- Required work -
All lines of the material must be output verbatim.

- Entries provided -
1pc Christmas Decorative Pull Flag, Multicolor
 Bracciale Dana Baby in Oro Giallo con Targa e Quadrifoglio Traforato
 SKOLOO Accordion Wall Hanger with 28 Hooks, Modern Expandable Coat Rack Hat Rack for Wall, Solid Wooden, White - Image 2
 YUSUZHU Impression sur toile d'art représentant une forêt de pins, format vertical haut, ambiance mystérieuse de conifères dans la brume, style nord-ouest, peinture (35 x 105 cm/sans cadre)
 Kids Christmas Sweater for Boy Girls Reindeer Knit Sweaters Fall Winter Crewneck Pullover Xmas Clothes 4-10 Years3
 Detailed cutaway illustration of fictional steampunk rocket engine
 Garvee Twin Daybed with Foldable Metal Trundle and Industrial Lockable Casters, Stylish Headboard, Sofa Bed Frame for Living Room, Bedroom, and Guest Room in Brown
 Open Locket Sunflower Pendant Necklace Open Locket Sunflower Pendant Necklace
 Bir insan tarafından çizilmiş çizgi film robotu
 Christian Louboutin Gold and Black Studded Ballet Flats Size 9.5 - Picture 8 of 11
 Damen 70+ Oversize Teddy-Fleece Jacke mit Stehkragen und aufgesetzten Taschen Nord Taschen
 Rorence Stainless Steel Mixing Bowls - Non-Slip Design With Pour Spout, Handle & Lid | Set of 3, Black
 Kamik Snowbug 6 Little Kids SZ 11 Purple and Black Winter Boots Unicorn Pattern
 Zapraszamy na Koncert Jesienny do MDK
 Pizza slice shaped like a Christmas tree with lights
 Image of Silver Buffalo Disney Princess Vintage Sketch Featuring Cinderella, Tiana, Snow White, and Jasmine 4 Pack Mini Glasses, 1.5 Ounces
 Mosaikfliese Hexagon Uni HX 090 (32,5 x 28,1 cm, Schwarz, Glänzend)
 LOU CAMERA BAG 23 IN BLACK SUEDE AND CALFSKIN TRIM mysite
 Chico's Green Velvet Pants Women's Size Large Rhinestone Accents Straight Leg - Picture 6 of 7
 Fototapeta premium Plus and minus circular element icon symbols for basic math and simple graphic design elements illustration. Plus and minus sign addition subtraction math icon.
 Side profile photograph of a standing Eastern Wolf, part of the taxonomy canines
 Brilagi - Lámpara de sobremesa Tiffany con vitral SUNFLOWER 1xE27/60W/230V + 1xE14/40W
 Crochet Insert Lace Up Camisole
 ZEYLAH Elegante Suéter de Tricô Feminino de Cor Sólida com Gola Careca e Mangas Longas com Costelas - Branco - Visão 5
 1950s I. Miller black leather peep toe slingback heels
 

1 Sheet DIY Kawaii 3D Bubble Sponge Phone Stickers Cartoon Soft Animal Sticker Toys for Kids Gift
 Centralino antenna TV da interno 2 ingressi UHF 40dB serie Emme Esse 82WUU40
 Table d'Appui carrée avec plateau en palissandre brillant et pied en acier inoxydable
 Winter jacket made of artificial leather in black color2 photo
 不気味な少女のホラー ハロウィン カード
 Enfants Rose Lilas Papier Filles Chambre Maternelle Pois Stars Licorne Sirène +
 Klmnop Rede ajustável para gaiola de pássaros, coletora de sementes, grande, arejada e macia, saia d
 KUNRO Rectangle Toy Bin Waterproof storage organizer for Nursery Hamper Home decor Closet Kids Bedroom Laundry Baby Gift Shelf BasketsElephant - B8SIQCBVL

- Exercise output -
1pc Christmas Decorative Pull Flag, Multicolor
 Bracciale Dana Baby in Oro Giallo con Targa e Quadrifoglio Traforato
 SKOLOO Accordion Wall Hanger with 28 Hooks, Modern Expandable Coat Rack Hat Rack for Wall, Solid Wooden, White - Image 2
 YUSUZHU Impression sur toile d'art représentant une forêt de pins, format vertical haut, ambiance mystérieuse de conifères dans la brume, style nord-ouest, peinture (35 x 105 cm/sans cadre)
 Kids Christmas Sweater for Boy Girls Reindeer Knit Sweaters Fall Winter Crewneck Pullover Xmas Clothes 4-10 Years3
 Detailed cutaway illustration of fictional steampunk rocket engine
 Garvee Twin Daybed with Foldable Metal Trundle and Industrial Lockable Casters, Stylish Headboard, Sofa Bed Frame for Living Room, Bedroom, and Guest Room in Brown
 Open Locket Sunflower Pendant Necklace Open Locket Sunflower Pendant Necklace
 Bir insan tarafından çizilmiş çizgi film robotu
 Christian Louboutin Gold and Black Studded Ballet Flats Size 9.5 - Picture 8 of 11
 Damen 70+ Oversize Teddy-Fleece Jacke mit Stehkragen und aufgesetzten Taschen Nord Taschen
 Rorence Stainless Steel Mixing Bowls - Non-Slip Design With Pour Spout, Handle & Lid | Set of 3, Black
 Kamik Snowbug 6 Little Kids SZ 11 Purple and Black Winter Boots Unicorn Pattern
 Zapraszamy na Koncert Jesienny do MDK
 Pizza slice shaped like a Christmas tree with lights
 Image of Silver Buffalo Disney Princess Vintage Sketch Featuring Cinderella, Tiana, Snow White, and Jasmine 4 Pack Mini Glasses, 1.5 Ounces
 Mosaikfliese Hexagon Uni HX 090 (32,5 x 28,1 cm, Schwarz, Glänzend)
 LOU CAMERA BAG 23 IN BLACK SUEDE AND CALFSKIN TRIM mysite
 Chico's Green Velvet Pants Women's Size Large Rhinestone Accents Straight Leg - Picture 6 of 7
 Fototapeta premium Plus and minus circular element icon symbols for basic math and simple graphic design elements illustration. Plus and minus sign addition subtraction math icon.
 Side profile photograph of a standing Eastern Wolf, part of the taxonomy canines
 Brilagi - Lámpara de sobremesa Tiffany con vitral SUNFLOWER 1xE27/60W/230V + 1xE14/40W
 Crochet Insert Lace Up Camisole
 ZEYLAH Elegante Suéter de Tricô Feminino de Cor Sólida com Gola Careca e Mangas Longas com Costelas - Branco - Visão 5
 1950s I. Miller black leather peep toe slingback heels
 

1 Sheet DIY Kawaii 3D Bubble Sponge Phone Stickers Cartoon Soft Animal Sticker Toys for Kids Gift
 Centralino antenna TV da interno 2 ingressi UHF 40dB serie Emme Esse 82WUU40
 Table d'Appui carrée avec plateau en palissandre brillant et pied en acier inoxydable
 Winter jacket made of artificial leather in black color2 photo
 不気味な少女のホラー ハロウィン カード
 Enfants Rose Lilas Papier Filles Chambre Maternelle Pois Stars Licorne Sirène +
 Klmnop Rede ajustável para gaiola de pássaros, coletora de sementes, grande, arejada e macia, saia d
 KUNRO Rectangle Toy Bin Waterproof storage organizer for Nursery Hamper Home decor Closet Kids Bedroom Laundry Baby Gift Shelf BasketsElephant - B8SIQCBVL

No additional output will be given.